Being a college student must now be immeasurably more difficult.
Your search - "There are relatively few commonly used words in English" - did not match any documents.
Your search - "it is highly unlikely that one can come up with a phrase or sentence" - did not match any documents.
Your search - "that has not been used before, even, possibly, for the same subject matter" - did not match any documents.
And yet "My Hovercraft is Full of Eels" gets 73,100 results.
Go figure.
"Has anyone ever said this before" gets only one result, from a blogger quoting something really weird -- "If you're going to pimp out your aquatic life...getting jiggy with Lexis-Nexis" -- and asking whether anyone's ever said that before. That's so weird!
"That's so weird" has, however, been written 57,300 times. So language isn't that weird. (But "language isn't that weird" gets a 0!)
I was mildly amused and somewhat pleased to learn that I'm a Googlewhack.
If you're really interested in this stuff, you might take a look at:
The Mathematical Theory of Communication
It's by Claude Shannon; and it has an interesting statistical description of English.
You might also look up 'Latent Semantic Analsysis' or 'Probabilistic Latent Semantic Analysis' these techniques are often employed to determine how 'close' a new document (student paper) is to other supposedly similar documents (a corpus of term papers or published journal articles . It's pretty awesome how good these comparatively simple methods are at determining style and content relationships - based on nothing more than word cooccurence matrices and some nifty linear algebra and statistics theory. In this case the phrase doesn't actually have to be identical - it just has to be similar!

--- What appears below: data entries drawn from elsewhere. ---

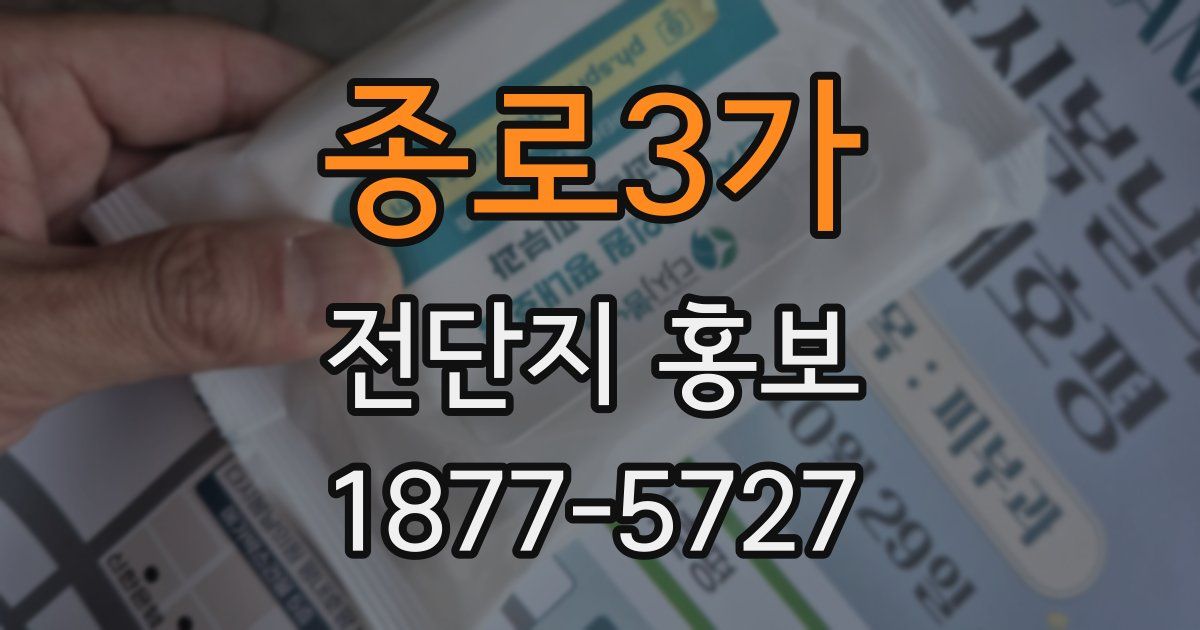 종로3가 전단지 홍보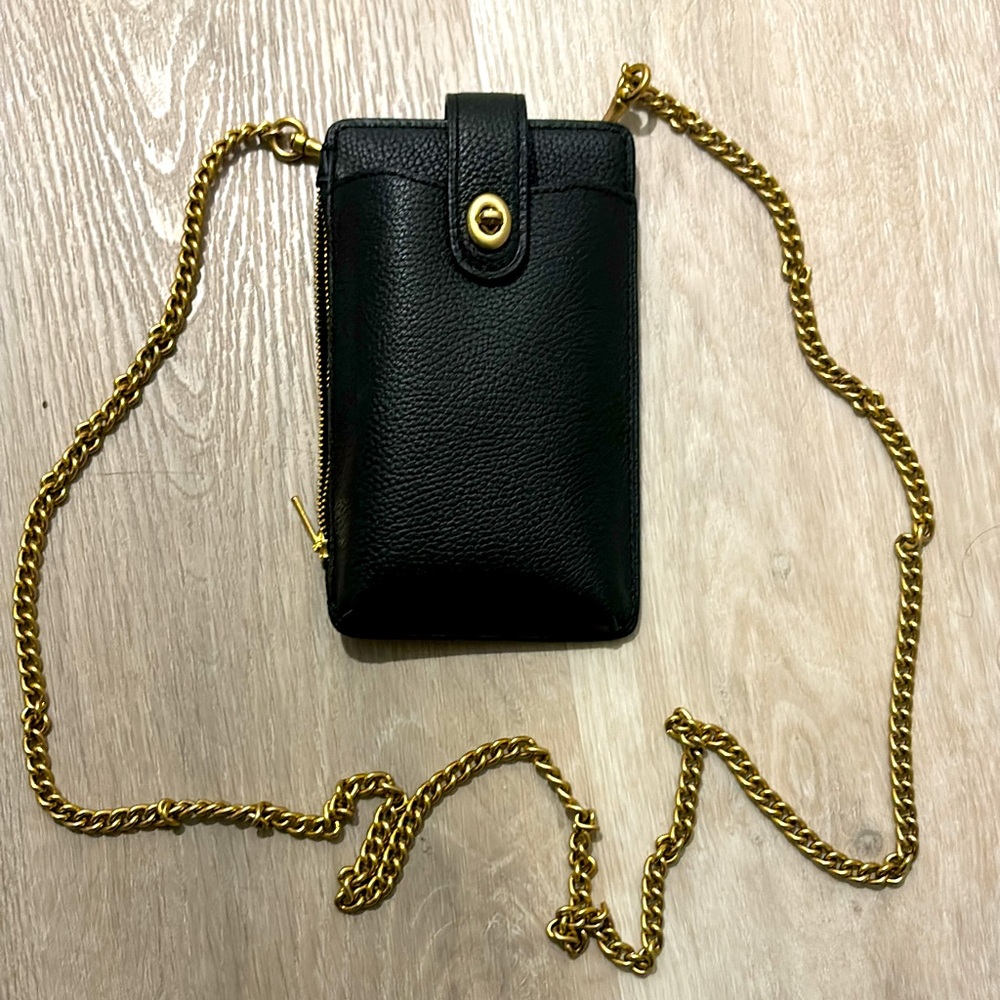 Coach phone wallet cards purse black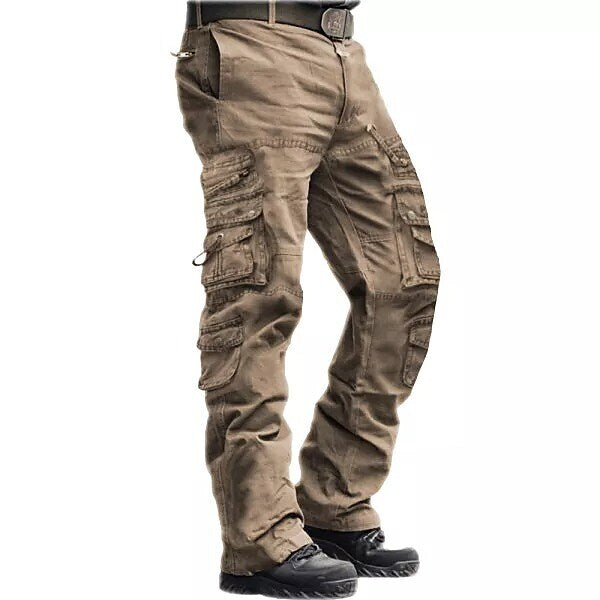 Men's Outdoor Vintage Washed Cotton Straight Multi-pocket Tactical Cargo Pants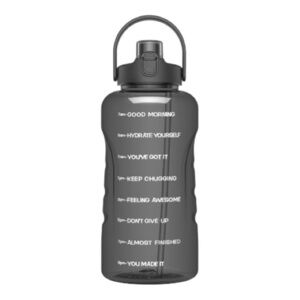 HydroPal Gallon Water Bottle & Straw Gray BPA-Free Gym Hydration Motivation New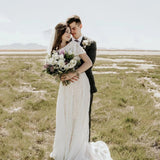 Lace Bohemian Boat Neck Bridal Dress Short Sleeves Beach Destination Wedding Gown OKZ31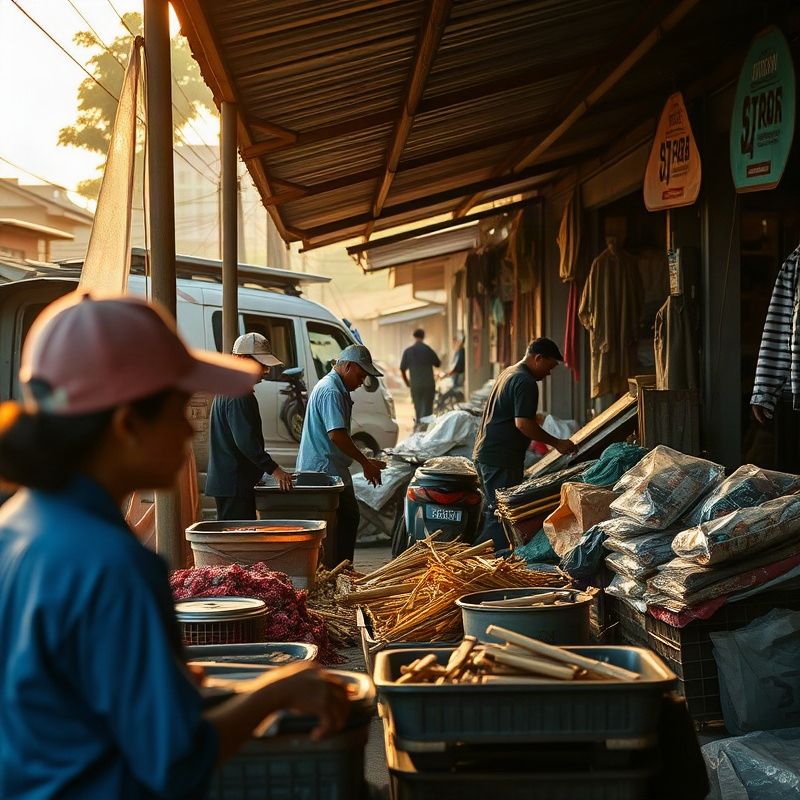 Thai informal market workers in a provincial setting under warm morning light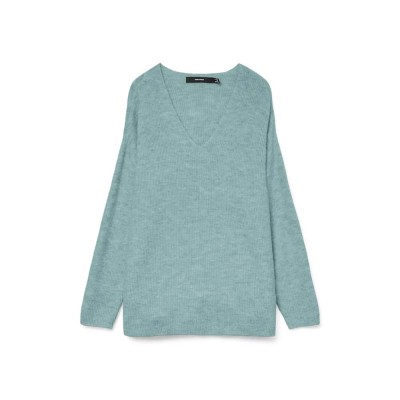 блуза,дамски,пуловери,дамски,плетени,дрехи,vero,moda,crewlefile,v,neck,sweater,green,(gray,mist,melange)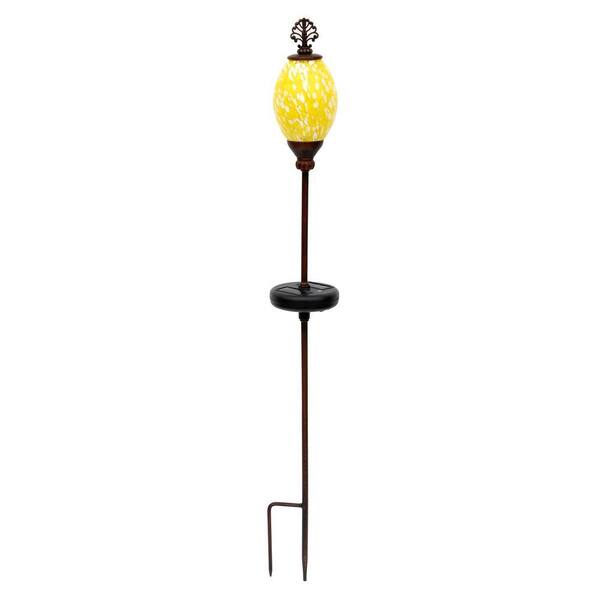 Trendscape Single PC Yellow Egg Ball Solar LED Light-Side Stack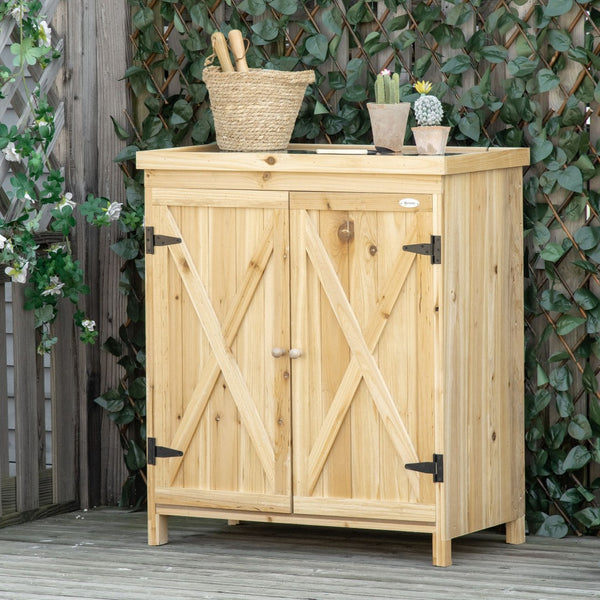 English Elm Outsunny Garden Storage Cabinet - Rustic Outdoor Tool Shed With Galvanized Top & Ample Shelves W2225P217226-GIGA
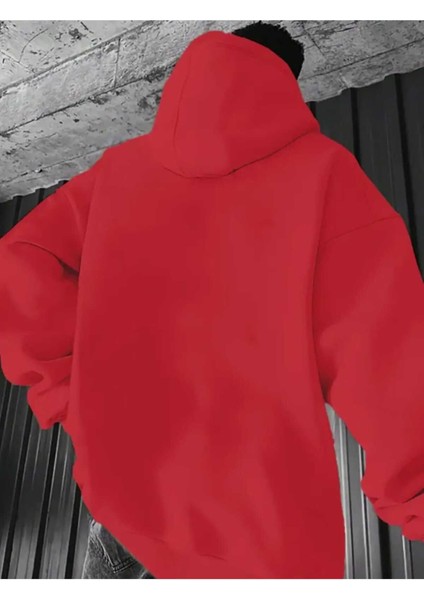Üç Çizgi Baskılı Kapüşonlu Cepli Içi Yünlü Kırmızı Sweatshirt fiyatları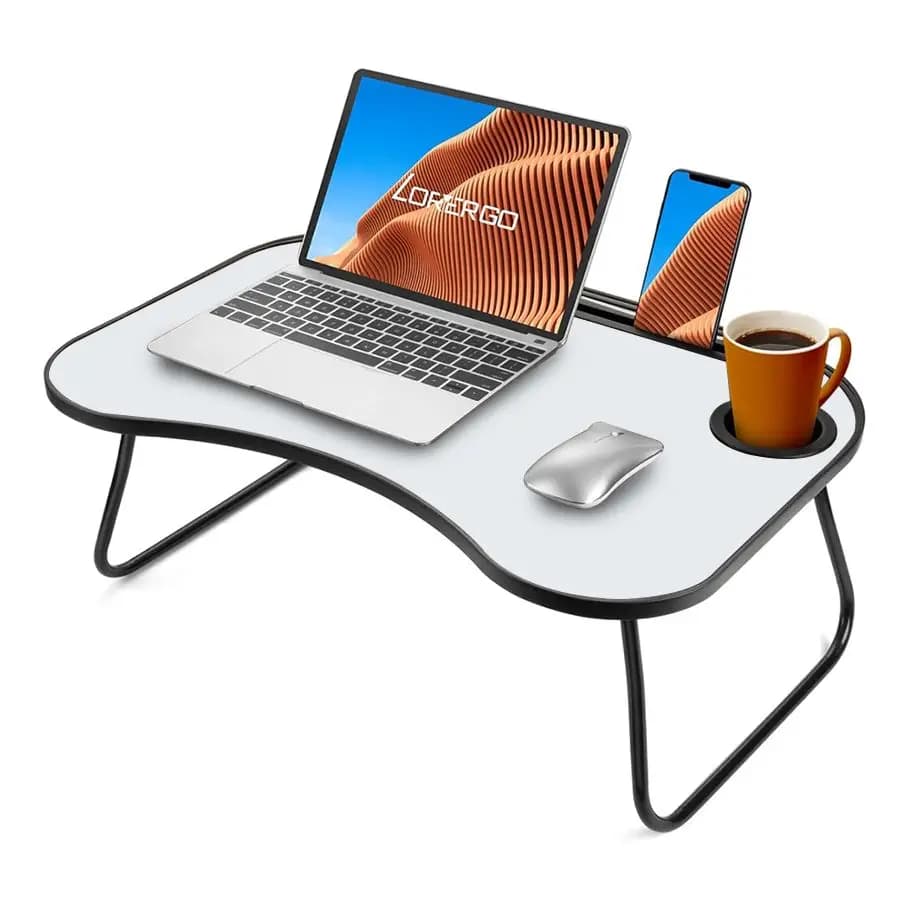 Scrivania portatile per letto - Supporto per laptop pieghevole ad altezza regolabile con ventilazione di raffreddamento e cuscino in memory foam 23,8x15,8x10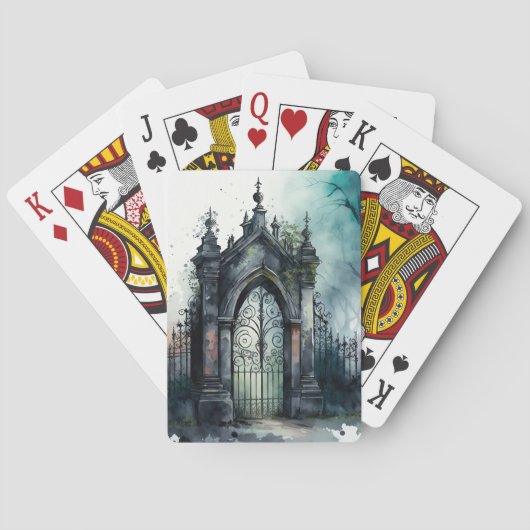 Das Design der gotischen Friedhof Gate Serie 11 Spielkarten (Rückseite)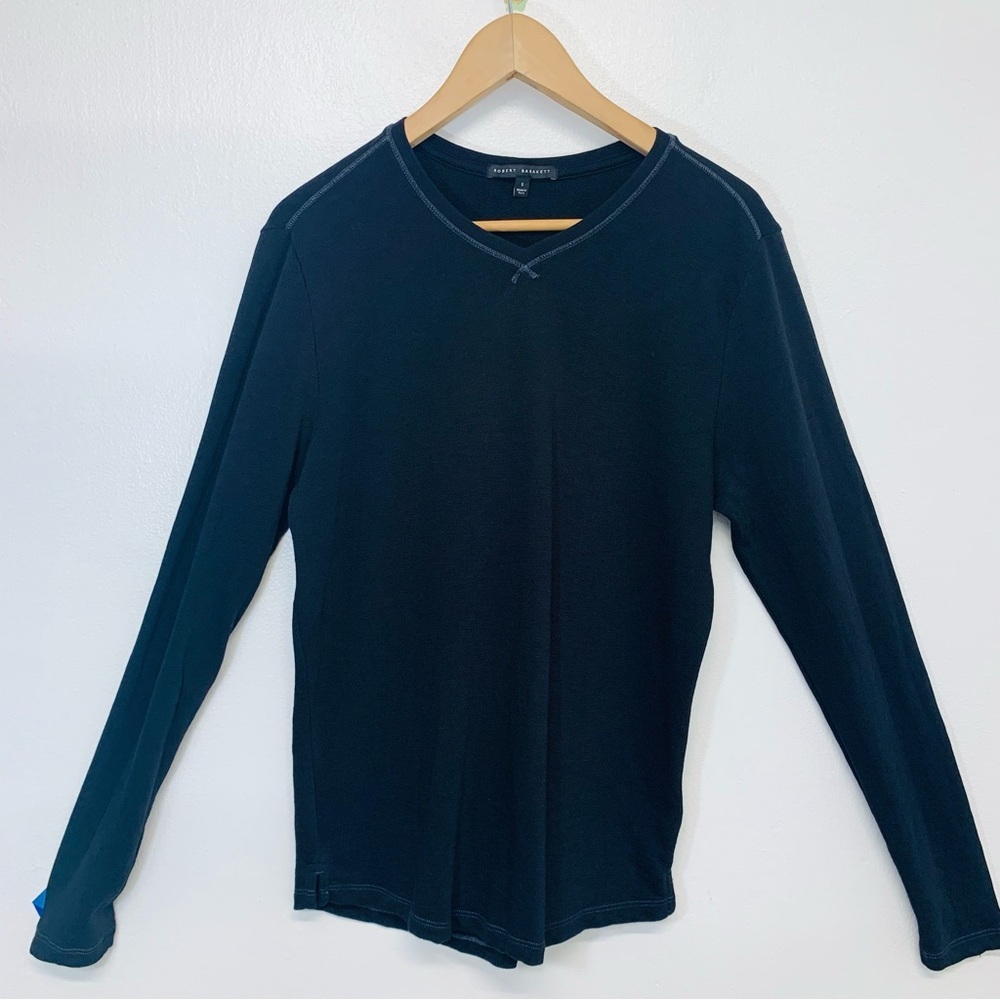 Robert Barakett Pima Cotton Polo Men Small Black Long Sleeve V Neck Peru Stretch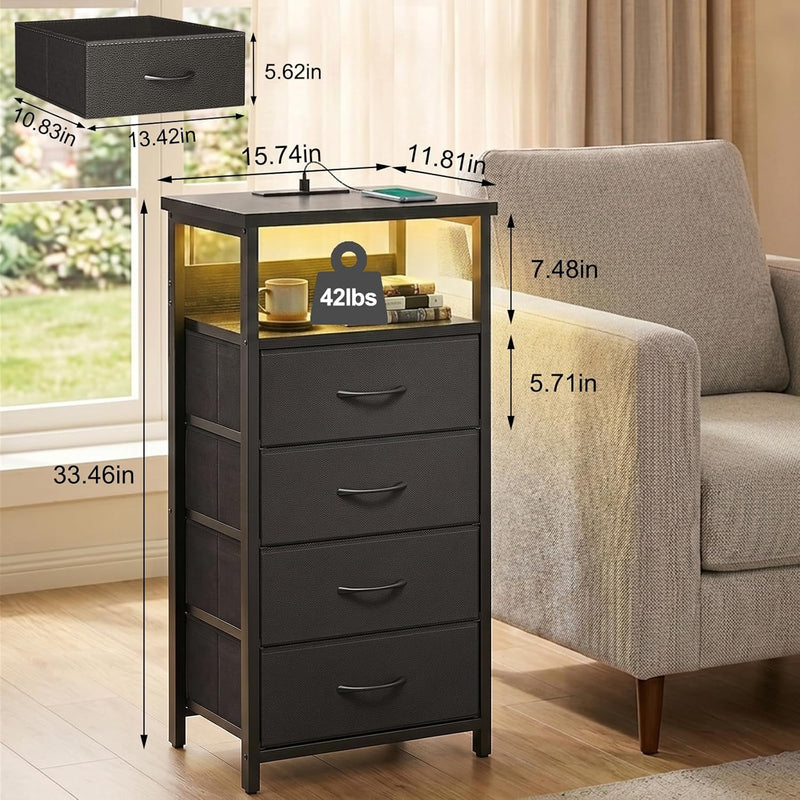 Fixwal Night Stand with 4 Fabric Storage Drawers, Tall Nightstand Bedside Table with Charging Station & Led Lights, Fabric Dresser for Bedroom, Black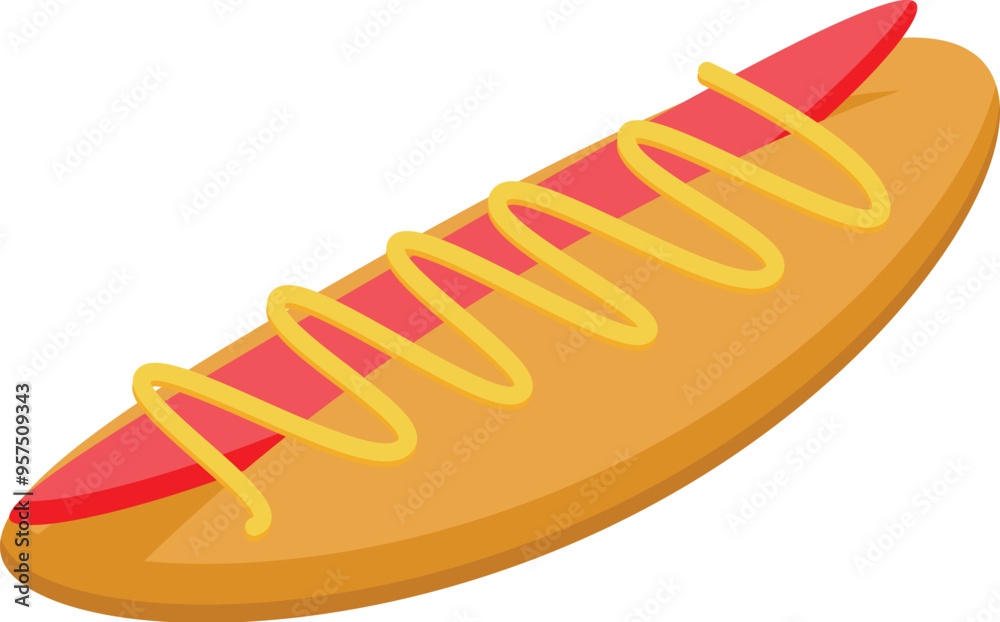 Hot dog with mustard and ketchup lying on white background Hot dog with mustard and ketchup lying on white background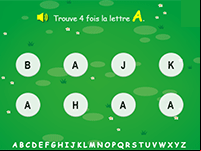Reconnaître les lettres de l'alphabet, jeu éducatif en ligne, maternelle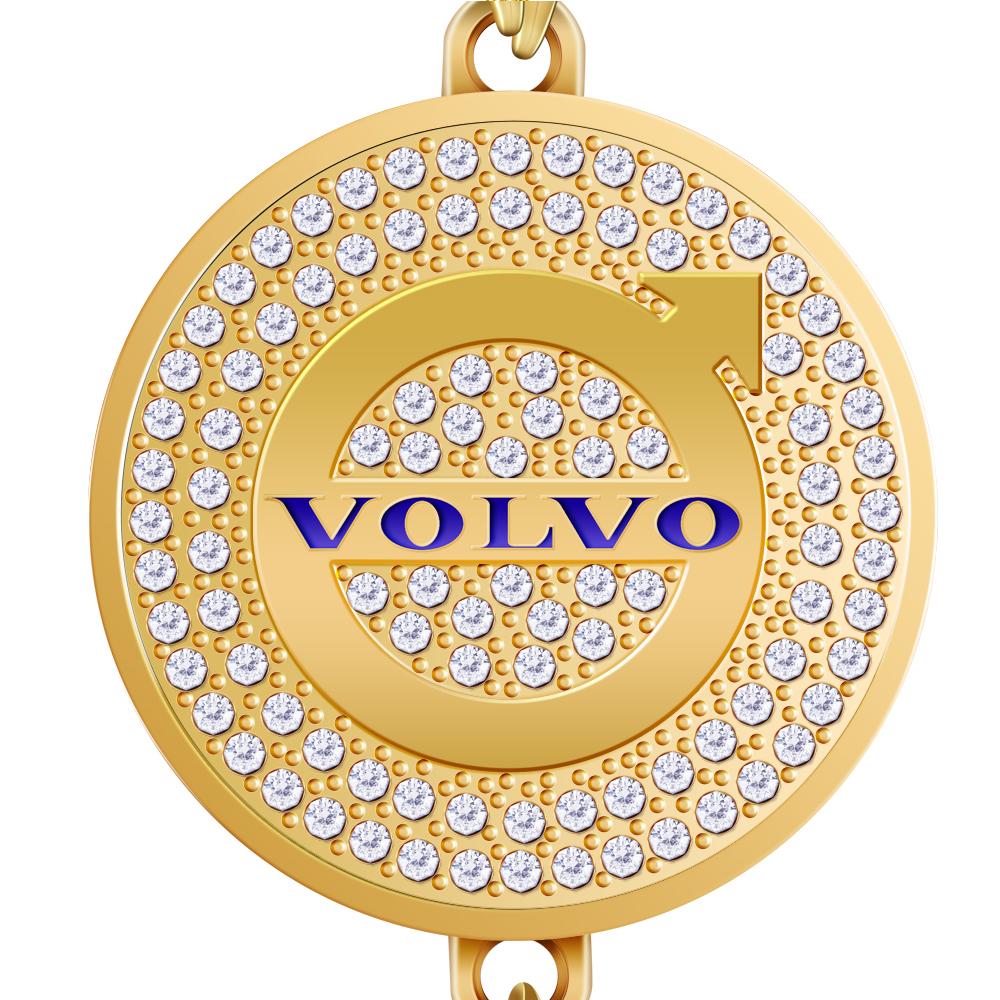 Car Interior Rearview Mirror Metal Pendant Decoration Car Logo Simulation Diamond Pendant Accessories For Volvo XC60 V40 S60 V50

Maybe it has not been said exactly the way you have said it before, but it may well have been said in very similar terms.
Take a look at the difference between what Harvard plagiarist Kaavya Viswanathan wrote in her book and what Megan McCafferty (the woman whom she plagiarized) wrote in her book. (See, e.g., here, for example.)
No question about the plagiarism, but I doubt you could catch it by Googling; you would have to have read the McCafferty book and recognized the sentence structure in Viswanathan's piece.
Yes. (625,000,000+)
I often experience this same phenomenon in reverse, in drafting legal documents. It is a principle of drafting that if you are saying the same thing twice, you should use the same words, yet I am often embarrassed to discover when I review my own work that I have used slightly different phrases within a page or two of each other. So even in a situation where (i) originality in expression is not sought, (ii) the subject matter (secured lending) is rather limited and (iii) I am trying to, in effect, plagiarize myself, it is actually quite difficult to repeat the same phrase word for word. How extremely unlikely it must be for different people at different times to come up with the exact same phrase.
The "commonly used words in English" reasoning seems "intuitively" "obvious", but it's wildly wrong: Assume 1000 commonly used words (there are more). 1000 distinct one-word sentences can be constructed from that vocabulary. For each of those 1000 sentences, create 1000 variations by adding each of the 1000 words. That's 1,000,000 two-word sentences. Three words gets you 1,000,000,000, or 1000 to the third power. The lesson is that exponents get very big, very fast.
Not all sequences of valid English words are valid English sentences, but what you lose for that reason is peanuts, relatively speaking.
Exponents aren't "intuitive". Your brain mistakenly expects that adding another word will yield a linear increase in permutations, so you think a four word sentence using a 1,000 word vocabulary isn't much, but in fact you've got something roughly in the neighborhood of a trillion permutations there.
There's an old story about a wise man who asks a king to pay him for something by putting a single coin on the first square of a chessboard, then doubling the sum on each succeeding square. For the student: How many umpty-squillion coins does that come to? Lots!